Jeanne (Noémie Merlant auréolée du triomphe de La Jeune Fille en feu) vit seule avec sa mère Margarette (Emmanuelle Bercot ressemble de plus en plus à Nathalie Baye). La jeune fille, d’une timidité maladive, et sa mère, follement extravertie, s’accordent sur leur refus de laisser un homme s’immiscer dans leurs vies. Margarette travaille dans un bar tandis que Jeanne est gardienne de nuit dans un parc d’attractions. Un nouveau manège vient d’y être installé qui exerce sur elle une attraction trouble. Elle lui a donné un nom : Jumbo.
Il y a mille façons de filmer les émois des premières histoires d’amour et l’audacieuse transgression qu’elles supposent chez des jeunes gens à peine sortis de l’enfance. Zoé Wittock, une jeune réalisatrice belge, n’opte pas pour la plus convenue en imaginant une idylle entre une jeune fille timide et… une machine. Cette pulsion a un nom : l’objectophilie. La réalisatrice l’aurait découverte en lisant un article sur Erika Eiffel, une jeune femme qui a épousé… la Tour Eiffel ! Et on se souvient que David Cronenberg lui a consacré un de ses films les plus troublants – dans une filmographie déjà bien troublante – Crash.

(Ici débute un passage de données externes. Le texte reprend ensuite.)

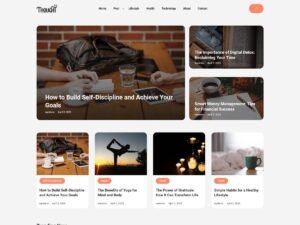 Free WENS Thought WordPress Theme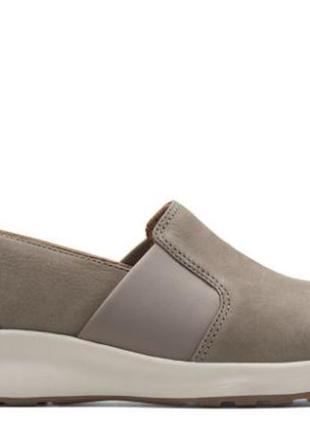 Clarks нубуковые слипоны р.  35.5, 37. 37,5, 41  оригинал3 фото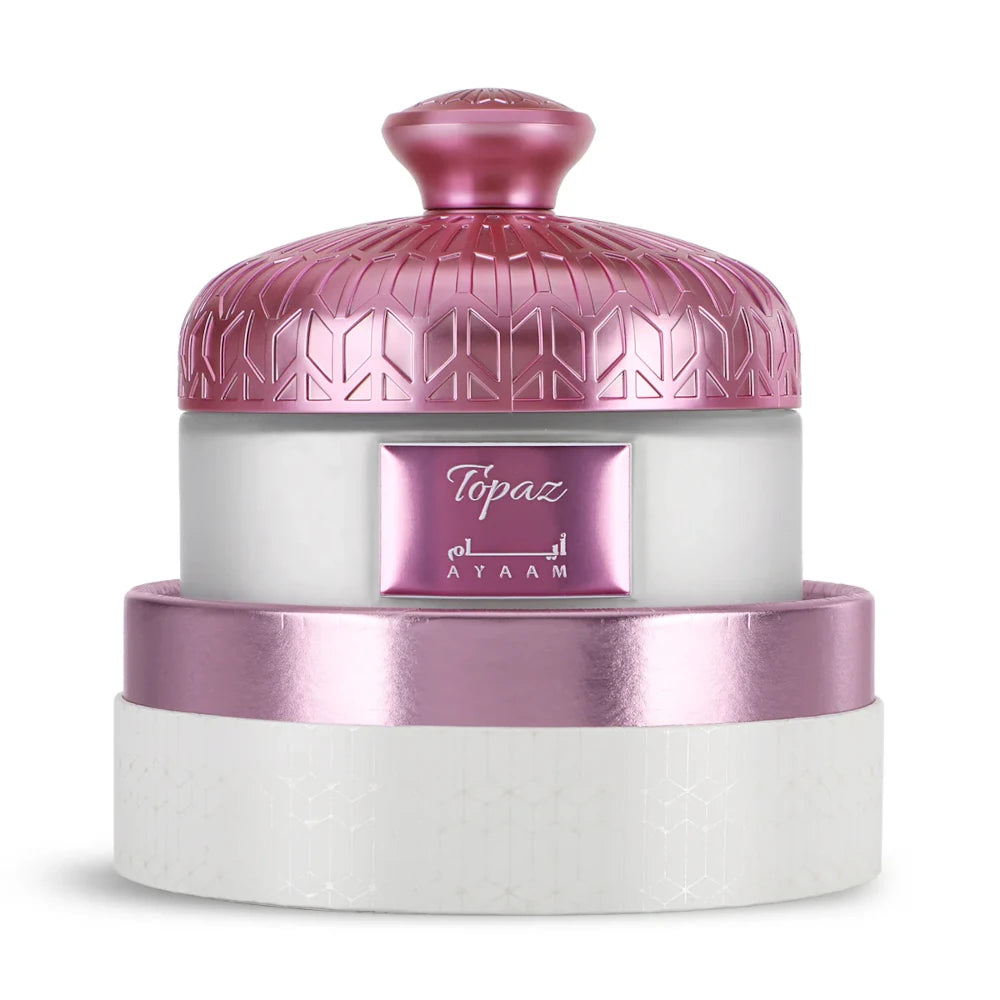 Topaz Body Powder by Ayaam @ ArabiaScents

Le pari était osé. Il est raté.
Jumbo évolue sur une corde raide. Le spectateur est encore en terrain de connaissance quand Jumbo lui fait partager le désarroi d’une jeune femme, étouffée par une mère toxique, terrifiée à l’idée d’une relation avec un homme. Mais il est définitivement perdu quand se noue une histoire d’amour entre Jeanne et Jumbo, aussi classiques qu’en soient les étapes (approches, union, trahison, séparation, retrouvailles).
On aimerait être troublé quand Jeanne et Jumbo font l’amour, dans une scène qui se veut à la fois poétique et surréaliste durant laquelle la malheureuse Noémie Merlant est noyée dans des litres d’huile de moteur. Las ! On ricane plus qu’on se pâme ; on baille plus qu’on s’encanaille.